Take the lines below from the one with "Lot de 10 Kits" through the one with "Makita DDF 490" and print only them, exactly. Don't print the pictures.

SOURCE MATERIAL >>
*****
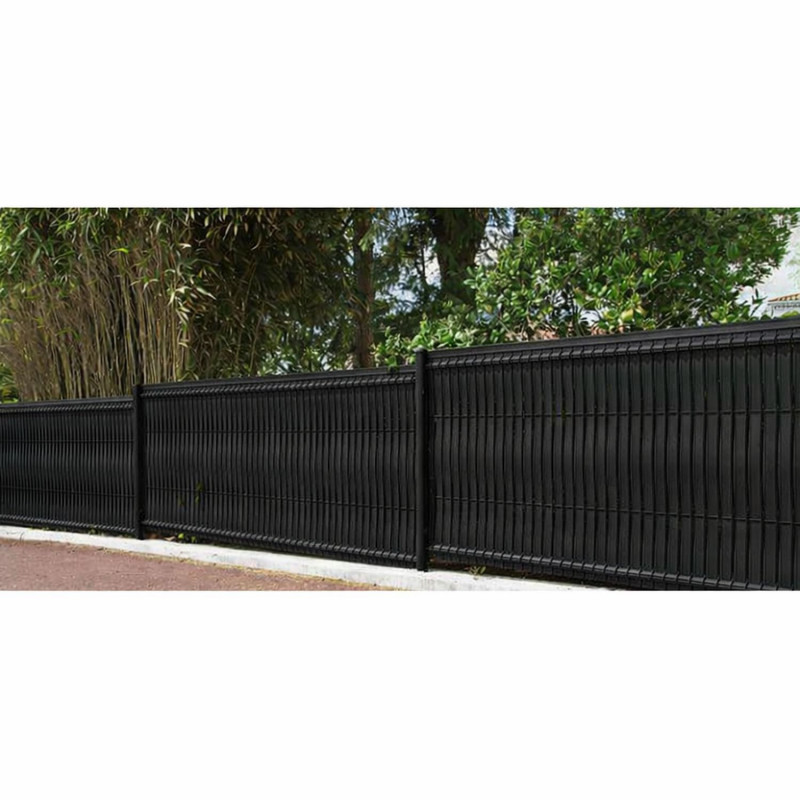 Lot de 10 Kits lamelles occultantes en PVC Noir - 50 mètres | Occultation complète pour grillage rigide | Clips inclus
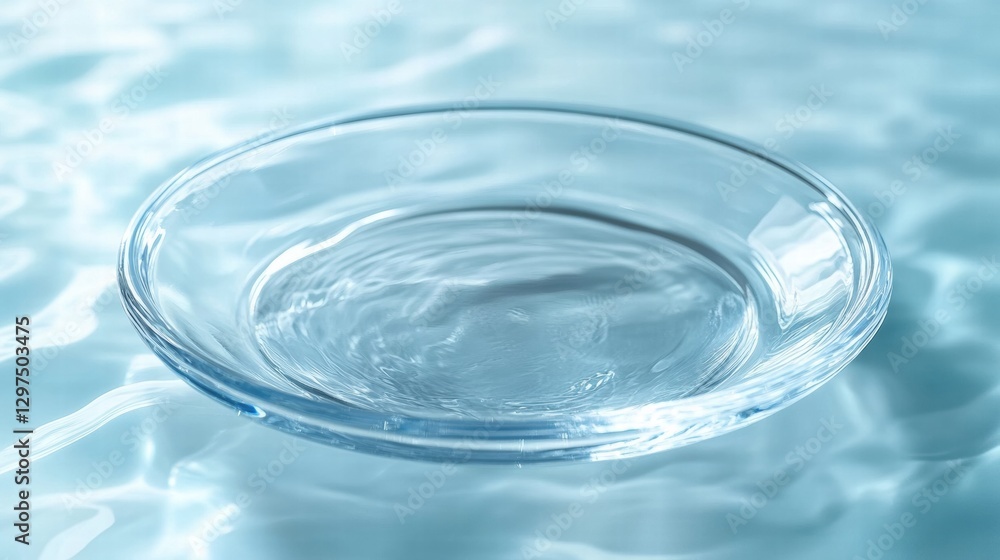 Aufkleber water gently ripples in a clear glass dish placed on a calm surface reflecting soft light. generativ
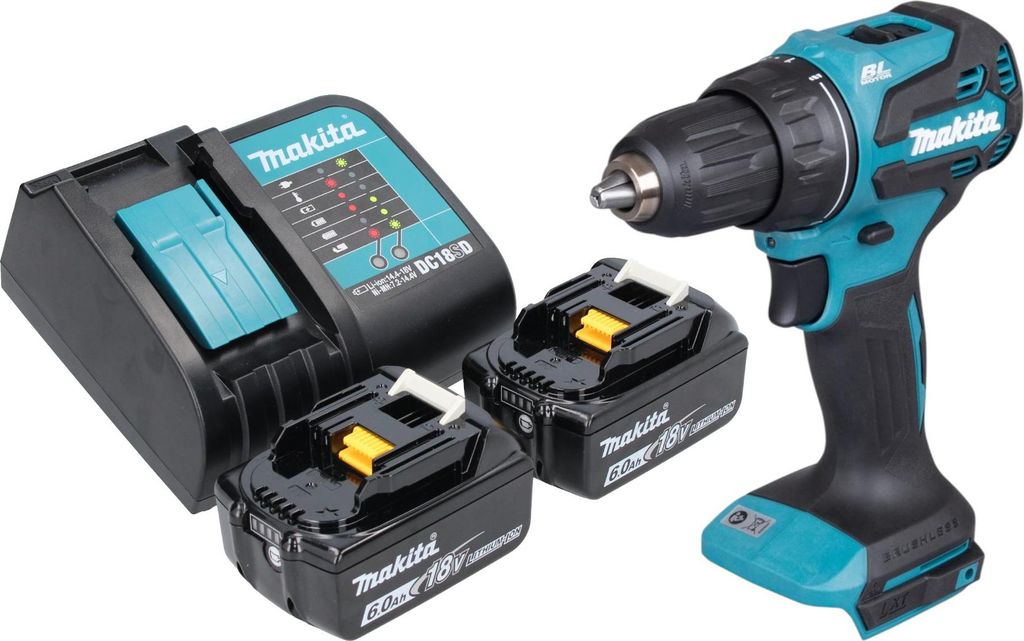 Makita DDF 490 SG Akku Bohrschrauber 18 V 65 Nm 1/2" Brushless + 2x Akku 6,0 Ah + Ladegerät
*****
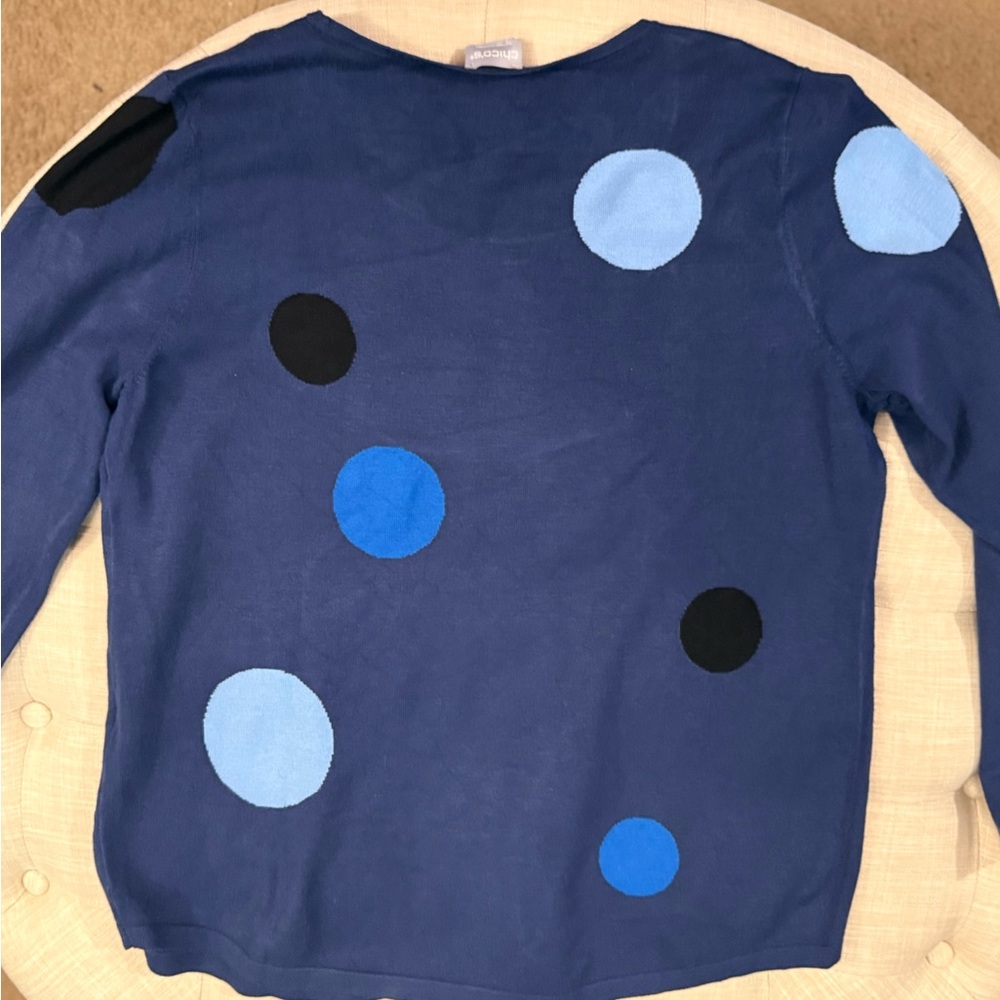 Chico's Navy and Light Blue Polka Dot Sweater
*****
SOLVED PROBLEM >>
 Lot de 10 Kits lamelles occultantes en PVC Noir - 50 mètres | Occultation complète pour grillage rigide | Clips inclus
 Aufkleber water gently ripples in a clear glass dish placed on a calm surface reflecting soft light. generativ
 Makita DDF 490 SG Akku Bohrschrauber 18 V 65 Nm 1/2" Brushless + 2x Akku 6,0 Ah + Ladegerät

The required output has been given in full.